La loi du 4 mars 2002 relative aux droits des malades et à la qualité du système de santé a préféré distinguer la situation des professionnels de santé et celles des établissements.

La position actuelle tant du législateur que de la jurisprudence, en ce qui concerne les infections nosocomiales, est favorable au patient afin que celui-ci voie son préjudice indemnisé avec d’une part une définition assez large de ce qu’est une infection nosocomiale et, d’autre part, une exclusion de responsabilité limitée à la seule hypothèse de la « cause étrangère », dont la preuve doit être apportée par l’établissement de santé.

Par ailleurs, il convient de rappeler également qu’à compter de l’entrée en vigueur de la loi ABOUT du 30 décembre 2002, les préjudices liés aux infections nosocomiales sont pris en charge, sous certaines conditions, par la solidarité nationale via l’Office national d’indemnisation des accidents médicaux, des affections iatrogènes et des infections nosocomiales (ONIAM).
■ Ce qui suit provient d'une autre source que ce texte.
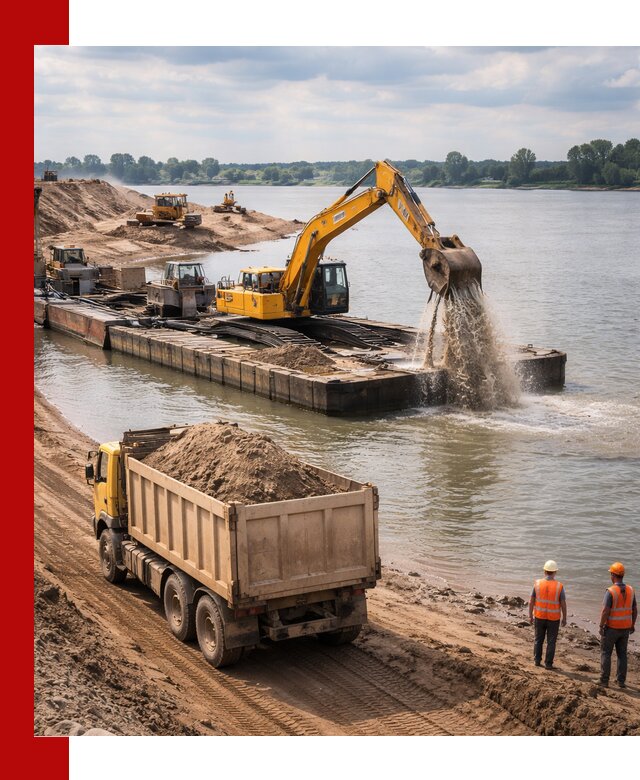 Намывной песок с доставкой в Георгиевске оптом и в розницу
Dans un souci de clarté, il convient de faire une distinction entre deux types d’infections nosocomiales.

Les premières, à savoir les infections provoquant une incapacité permanente inférieure ou égale à 25 % engagent la responsabilité sans faute de l’établissement comme cela a été développé précédemment.
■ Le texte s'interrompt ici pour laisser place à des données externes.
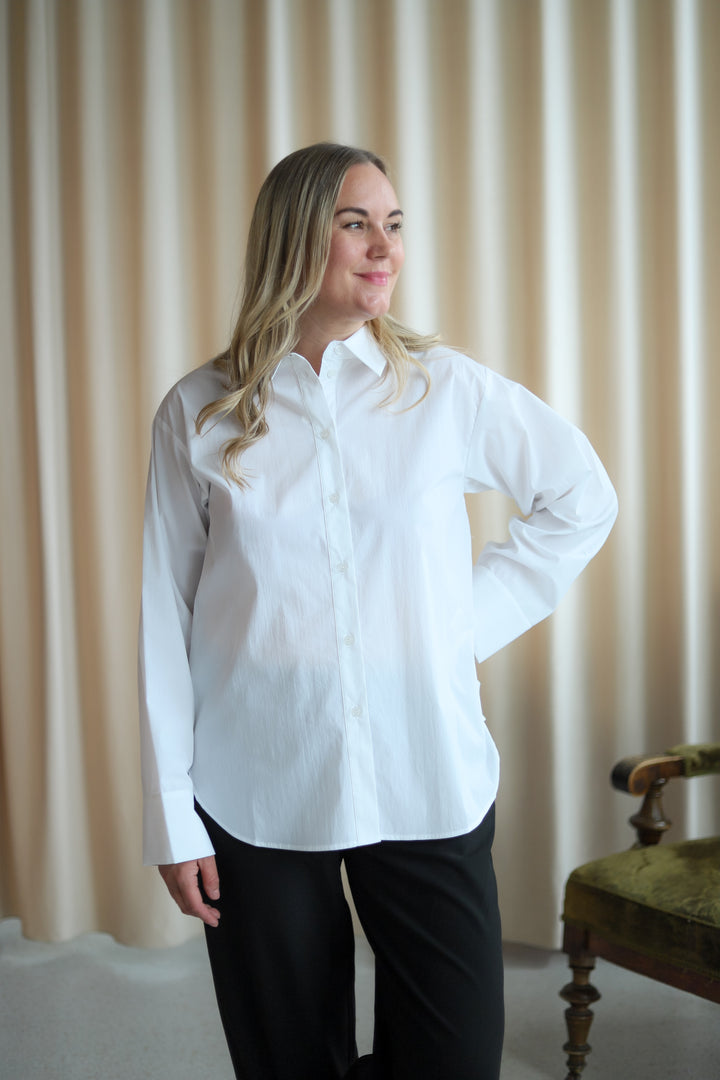 Betty Button Shirt Offwhite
Les secondes, celles provoquant une incapacité permanente supérieure à 25 % sont indemnisées au titre de la solidarité nationale. Dans ce cas, et uniquement dans ce cas, l’ONIAM dispose d’un recours à l’encontre de l’établissement de santé où le patient victime a développé son infection. En revanche, dans ce cas, l’ONIAM devra démontrer l’existence d’une faute à l’origine du dommage.

Ici encore, cette notion mériterait d’être précisée dans la mesure où le Conseil d’Etat a déjà pu se prononcer sur la question en affirmant que « la circonstance que le centre hospitalier ne puisse démontrer, par la production des protocoles de préparation et de désinfection pré-opératoire et d’entretien des sondes, avoir respecté les règles d’hygiène et d’asepsie ne suffit pas à établir l’existence d’une telle faute »6. Il semblerait ici que la jurisprudence cherche à favoriser l’indemnisation du patient sans pour autant pénaliser les établissements de santé.

                                                                         Gwendoline DA COSTA GOMES

1 CE, 21 juin 2013, n° 347450

2 CE, 29 décembre 2014, n° 367312

3 Civ.1ere, 21 mai 1996, n° 94-16586

4 Civ. 1ere, 29 juin 1999, n° 97-14254.

5 EXEMPLES : Civ.1ere, 13 février 2001, n° 98-19433 ; Civ.1ere, 21 juin 2005, n° 04-12066 ; Civ.1ere, 18 octobre 2005, n° 04-14268 ; Civ.1ere, 14 juin 2007, n° 06-10812.